Composite Engineering carbon fibre component design and engineering

A brief explanation of prepreg technology

Composite, made up of distinct parts or elements. [Etymon, Latin. Compositus]

When we mention composites we are referring to a homogenous material, which combines:

Advanced composite fibres, such as aramid / kevlar / polyethylene, carbon, ceramic, S and E glass fibre's.

A thermoset resin matrix, which can either be epoxy, polyester, thermoplastic, vinyl ester and phenolic types.

This then forms the composite laminate. The fibres are the primary load carriers, the resin matrix supports the fibres and transfers the load between fibres.

In some instances, an alternative to a solid laminate can be a sandwich structure. This is created by placing a rigid core material between two laminates. It results in a very stiff and lightweight panel, which in theory is structurally similar to a steel I beam. The core materials utilised are aluminium and Nomex honeycomb, rigid plastic foams and balsa core.

The majority of the components designed by Composites Engineering utilise what are commonly referred to as prepreg's. These are manufactured from continuous fibres which have been infused with a thermosetting resin system, creating a pliable and tacky sheet of material. The precise specification of the fibres, their orientation and the resin matrix can be specified to achieve the optimum lamina performance. Prepreg's can be manufactured with unidirectional or woven fibres and the volume of fibres per square metre can also be specified according to requirements.

To form a component, a mould is created from a pattern and the composite materials that will form the component are then laminated on to the surface of the mould. The composite materials are positioned in the mould in locations specified on the design drawings. The orientation of the fibres is critical as this is instrumental in carrying the loads applied to the component.

At various stages during the process the lay-up is consolidated by covering the component with a nylon film which is sealed to the periphery of the mould with a strip of mastic.
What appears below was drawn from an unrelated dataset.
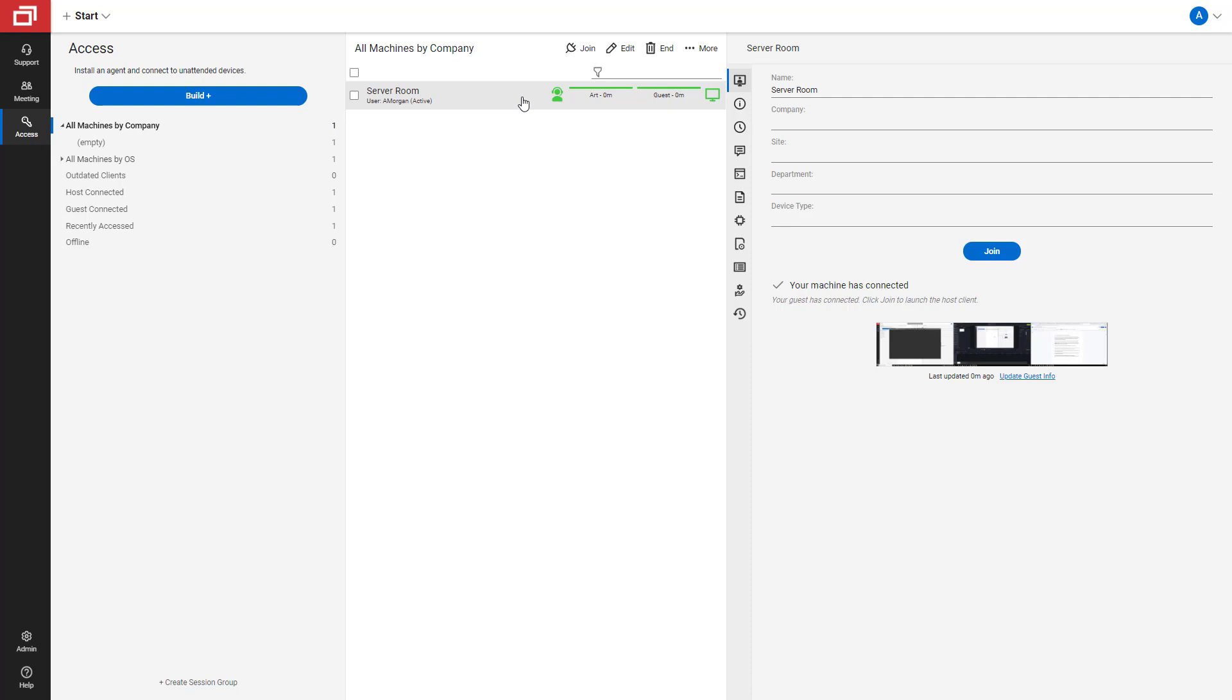It may be useful when inviting an outside vendor or technician to assist with a session. When creating a host pass, you can control the host permissions and the duration of the pass.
A vacuum is then applied to the mould surface and atmospheric pressure consolidates the materials. When the construction has been completed this step is repeated and the mould is then placed in an autoclave (a heated pressure vessel) for curing.

Following a computer controlled curing cycle the component is then removed from the mould. The final construction stages depend upon the configuration of the component It may need to be trimmed by hand, and it may possibly be CNC machined. If it forms part of a larger composite structure, an additional step may possibly be to bond the assembly together with structural adhesive.


Properties of composite fibres and engineering metals

As an illustration of the various aproximate values of the fibres that we incorporate into composite structures, compared with common metals, we have prepared the following charts which will open in a new window.

 Tensile strength Typical density Specific modulus Tensile modulus

The above charts illustrate the various properties of the bare fibres. In a composite structure these are impregnated with a resin system to form the composite laminate. The ultimate performance will be dictated by the resin system and the level of adhesion, the fibre volume fraction and the orientation of the fibres relative to the load paths.